- Teaser poster
- Spanish: La Navidad en sus manos 2
- Directed by: Joaquín Mazón
- Screenplay by: Daniel Monedero; Francisco Arnal;
- Produced by: Kiko Martínez; María Luisa Gutiérrez; Álvaro Ariza;
- Starring: Santiago Segura; Ernesto Sevilla; Unax Hayden; Pablo Chiapella;
- Cinematography: Ángel Iguacel
- Production company: Nadie es perfecto;
- Distributed by: Netflix
- Release date: 5 December 2025;
- Running time: 94 minutes
- Country: Spain
- Language: Spanish

= The Night My Dad Saved Christmas 2 =

2025 Spanish comedy film

The Night My Dad Saved Christmas 2 (La Navidad en sus manos 2) is a 2025 Spanish Christmas comedy film. It is a sequel to the 2023 film The Night My Dad Saved Christmas, directed by Joaquín Mazón and reprising their starring roles are Santiago Segura, Ernesto Sevilla and Unax Hayden. It is available on Netflix to stream from 5 December 2025.

==Synopsis==
Set during a chaotic holiday season, the film follows Salva, a reformed thief striving to be a better father, and his teenage son as they attempt to rescue Santa Claus, who has been captured by a rogue toy.
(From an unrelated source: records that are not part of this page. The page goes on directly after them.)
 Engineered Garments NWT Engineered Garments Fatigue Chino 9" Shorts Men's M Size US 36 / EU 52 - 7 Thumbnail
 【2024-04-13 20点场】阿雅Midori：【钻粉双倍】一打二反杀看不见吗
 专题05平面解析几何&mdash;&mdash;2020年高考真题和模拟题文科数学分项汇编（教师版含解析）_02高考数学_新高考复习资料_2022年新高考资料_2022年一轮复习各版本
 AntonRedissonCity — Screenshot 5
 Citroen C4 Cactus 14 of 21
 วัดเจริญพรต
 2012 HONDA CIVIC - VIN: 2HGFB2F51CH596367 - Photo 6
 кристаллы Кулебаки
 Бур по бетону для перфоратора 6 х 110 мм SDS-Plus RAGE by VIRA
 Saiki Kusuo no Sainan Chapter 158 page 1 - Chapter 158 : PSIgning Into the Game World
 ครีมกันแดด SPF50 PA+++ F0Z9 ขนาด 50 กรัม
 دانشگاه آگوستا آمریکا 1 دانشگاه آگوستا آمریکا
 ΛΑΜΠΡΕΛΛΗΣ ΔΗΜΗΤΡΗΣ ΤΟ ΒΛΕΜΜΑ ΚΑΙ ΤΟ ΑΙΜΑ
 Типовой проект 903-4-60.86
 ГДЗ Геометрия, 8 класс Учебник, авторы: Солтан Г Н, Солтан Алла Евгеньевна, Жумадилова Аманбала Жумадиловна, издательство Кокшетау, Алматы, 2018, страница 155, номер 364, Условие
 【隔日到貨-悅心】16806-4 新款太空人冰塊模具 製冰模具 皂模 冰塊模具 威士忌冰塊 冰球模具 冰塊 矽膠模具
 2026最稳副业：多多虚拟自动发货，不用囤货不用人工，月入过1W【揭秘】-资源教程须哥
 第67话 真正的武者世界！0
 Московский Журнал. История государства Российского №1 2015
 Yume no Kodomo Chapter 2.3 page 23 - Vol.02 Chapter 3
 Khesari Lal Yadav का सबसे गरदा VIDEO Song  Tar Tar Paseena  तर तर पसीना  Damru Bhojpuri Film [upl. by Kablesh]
With the help of mischievous allies, they have just one night to confront unexpected adversaries and rekindle the spirit of Christmas.

==Cast==
- Santiago Segura as Santa Claus
- Ernesto Sevilla as Salva
- Unax Hayden as Lucas, Salva's son
- Pablo Chiapella
- Joaquín Reyes
- María Botto as Pilar
- Josema Yuste
- Emilio Gavira

==Production==

Netflix planned the direct sequel of the original film The Night My Dad Saved Christmas in November 2024, with filming scheduled between late December 2024 and late February 2025 in Madrid.

== Release ==

The original Netflix film The Night My Dad Saved Christmas 2 premiered on 5 December 2025.